[Caption-style text data]

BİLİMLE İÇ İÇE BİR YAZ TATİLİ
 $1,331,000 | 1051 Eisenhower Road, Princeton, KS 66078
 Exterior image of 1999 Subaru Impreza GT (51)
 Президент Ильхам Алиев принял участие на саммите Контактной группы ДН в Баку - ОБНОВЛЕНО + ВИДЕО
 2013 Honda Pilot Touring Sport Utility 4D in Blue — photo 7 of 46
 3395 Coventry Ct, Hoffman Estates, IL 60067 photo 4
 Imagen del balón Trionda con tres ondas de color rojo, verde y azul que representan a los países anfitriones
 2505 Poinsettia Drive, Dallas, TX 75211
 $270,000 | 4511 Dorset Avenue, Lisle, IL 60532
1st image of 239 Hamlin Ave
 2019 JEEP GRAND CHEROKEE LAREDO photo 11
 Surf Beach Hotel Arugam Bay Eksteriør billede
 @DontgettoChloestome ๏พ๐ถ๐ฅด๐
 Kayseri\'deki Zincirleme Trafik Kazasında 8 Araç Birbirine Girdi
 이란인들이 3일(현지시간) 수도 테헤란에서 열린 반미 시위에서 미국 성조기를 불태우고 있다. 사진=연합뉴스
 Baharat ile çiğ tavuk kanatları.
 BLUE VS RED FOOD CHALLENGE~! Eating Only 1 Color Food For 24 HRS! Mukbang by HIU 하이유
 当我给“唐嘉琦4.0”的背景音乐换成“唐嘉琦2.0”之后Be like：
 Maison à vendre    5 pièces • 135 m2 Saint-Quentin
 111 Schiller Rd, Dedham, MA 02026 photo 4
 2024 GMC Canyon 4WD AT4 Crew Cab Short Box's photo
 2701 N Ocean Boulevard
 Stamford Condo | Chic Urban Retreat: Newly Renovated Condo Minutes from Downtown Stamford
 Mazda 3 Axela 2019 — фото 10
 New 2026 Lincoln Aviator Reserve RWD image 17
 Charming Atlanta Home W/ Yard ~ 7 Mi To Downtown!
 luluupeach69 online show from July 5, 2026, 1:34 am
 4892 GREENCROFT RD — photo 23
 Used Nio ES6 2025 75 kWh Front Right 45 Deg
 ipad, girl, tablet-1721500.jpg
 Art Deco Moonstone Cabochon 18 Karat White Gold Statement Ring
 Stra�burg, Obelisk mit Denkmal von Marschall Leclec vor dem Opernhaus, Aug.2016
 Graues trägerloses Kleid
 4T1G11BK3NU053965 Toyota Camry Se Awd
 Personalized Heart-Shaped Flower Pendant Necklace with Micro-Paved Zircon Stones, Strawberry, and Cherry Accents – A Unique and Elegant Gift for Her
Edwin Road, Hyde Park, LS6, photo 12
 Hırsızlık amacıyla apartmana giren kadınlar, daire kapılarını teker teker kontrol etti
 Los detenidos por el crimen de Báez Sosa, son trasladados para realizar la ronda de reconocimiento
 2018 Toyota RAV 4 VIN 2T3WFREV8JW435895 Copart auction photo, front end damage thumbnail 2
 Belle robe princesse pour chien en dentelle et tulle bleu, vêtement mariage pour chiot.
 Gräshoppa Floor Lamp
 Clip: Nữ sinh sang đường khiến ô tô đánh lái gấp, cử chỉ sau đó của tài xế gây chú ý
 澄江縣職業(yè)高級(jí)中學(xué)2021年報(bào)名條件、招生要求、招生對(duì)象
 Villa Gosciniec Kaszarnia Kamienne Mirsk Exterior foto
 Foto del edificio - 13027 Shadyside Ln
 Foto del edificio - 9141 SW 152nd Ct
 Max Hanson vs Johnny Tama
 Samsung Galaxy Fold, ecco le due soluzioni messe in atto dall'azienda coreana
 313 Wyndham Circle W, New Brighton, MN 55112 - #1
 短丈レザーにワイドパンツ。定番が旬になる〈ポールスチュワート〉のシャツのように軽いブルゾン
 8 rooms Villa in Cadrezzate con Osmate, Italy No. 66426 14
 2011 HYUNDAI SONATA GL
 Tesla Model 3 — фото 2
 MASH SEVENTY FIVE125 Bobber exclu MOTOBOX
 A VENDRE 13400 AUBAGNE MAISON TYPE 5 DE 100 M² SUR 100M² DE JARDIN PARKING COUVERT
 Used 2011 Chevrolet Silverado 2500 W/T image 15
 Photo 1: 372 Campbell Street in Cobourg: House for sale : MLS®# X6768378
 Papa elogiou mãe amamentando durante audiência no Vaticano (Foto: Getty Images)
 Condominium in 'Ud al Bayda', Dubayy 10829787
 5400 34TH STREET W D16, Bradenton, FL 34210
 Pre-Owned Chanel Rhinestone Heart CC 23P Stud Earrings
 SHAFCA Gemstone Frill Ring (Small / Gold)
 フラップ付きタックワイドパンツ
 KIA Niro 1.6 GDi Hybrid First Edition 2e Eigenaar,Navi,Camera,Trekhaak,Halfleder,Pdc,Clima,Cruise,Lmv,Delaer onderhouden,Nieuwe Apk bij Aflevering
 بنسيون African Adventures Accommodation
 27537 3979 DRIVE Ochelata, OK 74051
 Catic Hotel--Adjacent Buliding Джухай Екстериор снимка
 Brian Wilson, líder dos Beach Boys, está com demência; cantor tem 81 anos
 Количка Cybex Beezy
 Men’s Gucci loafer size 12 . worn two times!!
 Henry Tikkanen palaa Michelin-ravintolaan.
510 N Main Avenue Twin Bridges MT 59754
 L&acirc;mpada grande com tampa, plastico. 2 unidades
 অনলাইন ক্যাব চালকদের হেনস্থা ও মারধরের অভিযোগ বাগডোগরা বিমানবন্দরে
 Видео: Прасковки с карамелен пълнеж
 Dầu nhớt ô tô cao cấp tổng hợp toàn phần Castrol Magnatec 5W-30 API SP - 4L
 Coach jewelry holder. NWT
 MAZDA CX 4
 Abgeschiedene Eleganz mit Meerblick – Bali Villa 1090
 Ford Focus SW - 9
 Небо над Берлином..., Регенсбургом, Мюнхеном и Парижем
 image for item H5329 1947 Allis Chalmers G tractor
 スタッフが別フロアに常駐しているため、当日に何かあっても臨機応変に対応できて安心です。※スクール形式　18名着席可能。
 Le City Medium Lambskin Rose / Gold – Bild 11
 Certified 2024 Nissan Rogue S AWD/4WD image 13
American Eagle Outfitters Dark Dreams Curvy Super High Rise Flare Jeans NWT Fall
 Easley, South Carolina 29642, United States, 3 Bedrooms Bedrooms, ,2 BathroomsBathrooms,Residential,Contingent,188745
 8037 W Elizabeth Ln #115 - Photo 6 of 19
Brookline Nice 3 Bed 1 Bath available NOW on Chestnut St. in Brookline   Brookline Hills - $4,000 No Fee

▶ Exercise brief
Which lines above run from the one containing "Max Hanson vs Johnny Tama" down to the one containing "Pre-Owned Chanel Rhinestone"? Repeat exactly those, both ends included, and nothing else.

▶ Expected answer
 Max Hanson vs Johnny Tama
 Samsung Galaxy Fold, ecco le due soluzioni messe in atto dall'azienda coreana
 313 Wyndham Circle W, New Brighton, MN 55112 - #1
 短丈レザーにワイドパンツ。定番が旬になる〈ポールスチュワート〉のシャツのように軽いブルゾン
 8 rooms Villa in Cadrezzate con Osmate, Italy No. 66426 14
 2011 HYUNDAI SONATA GL
 Tesla Model 3 — фото 2
 MASH SEVENTY FIVE125 Bobber exclu MOTOBOX
 A VENDRE 13400 AUBAGNE MAISON TYPE 5 DE 100 M² SUR 100M² DE JARDIN PARKING COUVERT
 Used 2011 Chevrolet Silverado 2500 W/T image 15
 Photo 1: 372 Campbell Street in Cobourg: House for sale : MLS®# X6768378
 Papa elogiou mãe amamentando durante audiência no Vaticano (Foto: Getty Images)
 Condominium in 'Ud al Bayda', Dubayy 10829787
 5400 34TH STREET W D16, Bradenton, FL 34210
 Pre-Owned Chanel Rhinestone Heart CC 23P Stud Earrings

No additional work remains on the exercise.